--- Input data ---

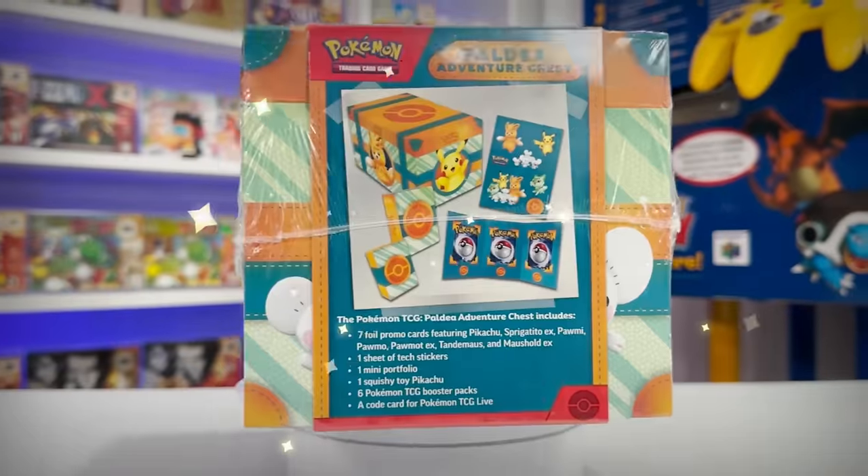Today we're going to be getting an early look at Pokemon's newest product release — one that they've never done before. This is a true flex.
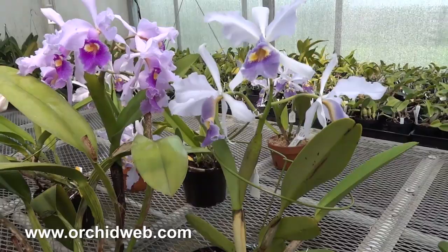Give it time — it'll have flowers this size and leaves of similar size.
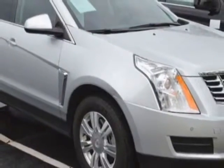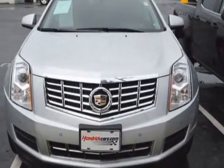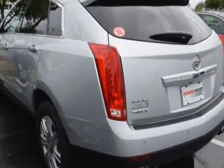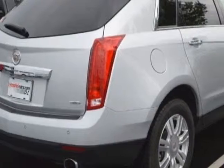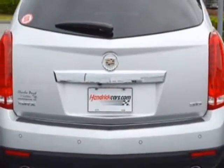This SRX boasts a 3.6 liter engine and has a 6-speed automatic transmission. Another great feature is that this vehicle uses flex fuel. Additional options for this vehicle include power driver's seat, auxiliary audio input, sunroof, and driver airbag.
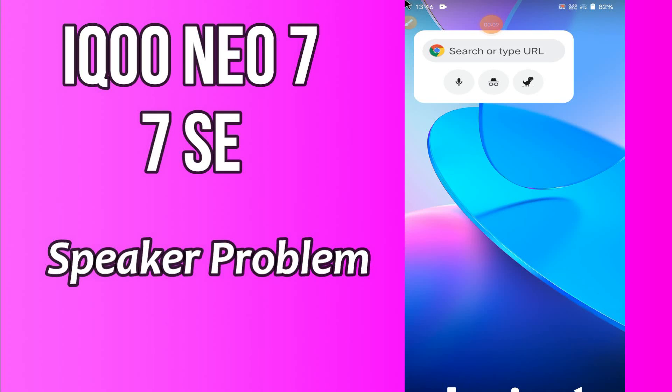Hello everyone, hope you are fine. Welcome to my YouTube channel. In my today's video, I will be telling you what you can do if the speaker is not working in Iconio 7 and 7SC. But before that, hit the red subscribe button and the bell icon to stay updated. Watch this video and you will learn how you can fix the speaker not working problem in Iconio 7 and 7SC.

---

What you have to do: Only the lines from the line with "Give it time" through the closing line of the data, both included, should be set down, exactly as written and without pictures.

Answer below:
Give it time — it'll have flowers this size and leaves of similar size.
This SRX boasts a 3.6 liter engine and has a 6-speed automatic transmission. Another great feature is that this vehicle uses flex fuel. Additional options for this vehicle include power driver's seat, auxiliary audio input, sunroof, and driver airbag.
Hello everyone, hope you are fine. Welcome to my YouTube channel. In my today's video, I will be telling you what you can do if the speaker is not working in Iconio 7 and 7SC. But before that, hit the red subscribe button and the bell icon to stay updated. Watch this video and you will learn how you can fix the speaker not working problem in Iconio 7 and 7SC.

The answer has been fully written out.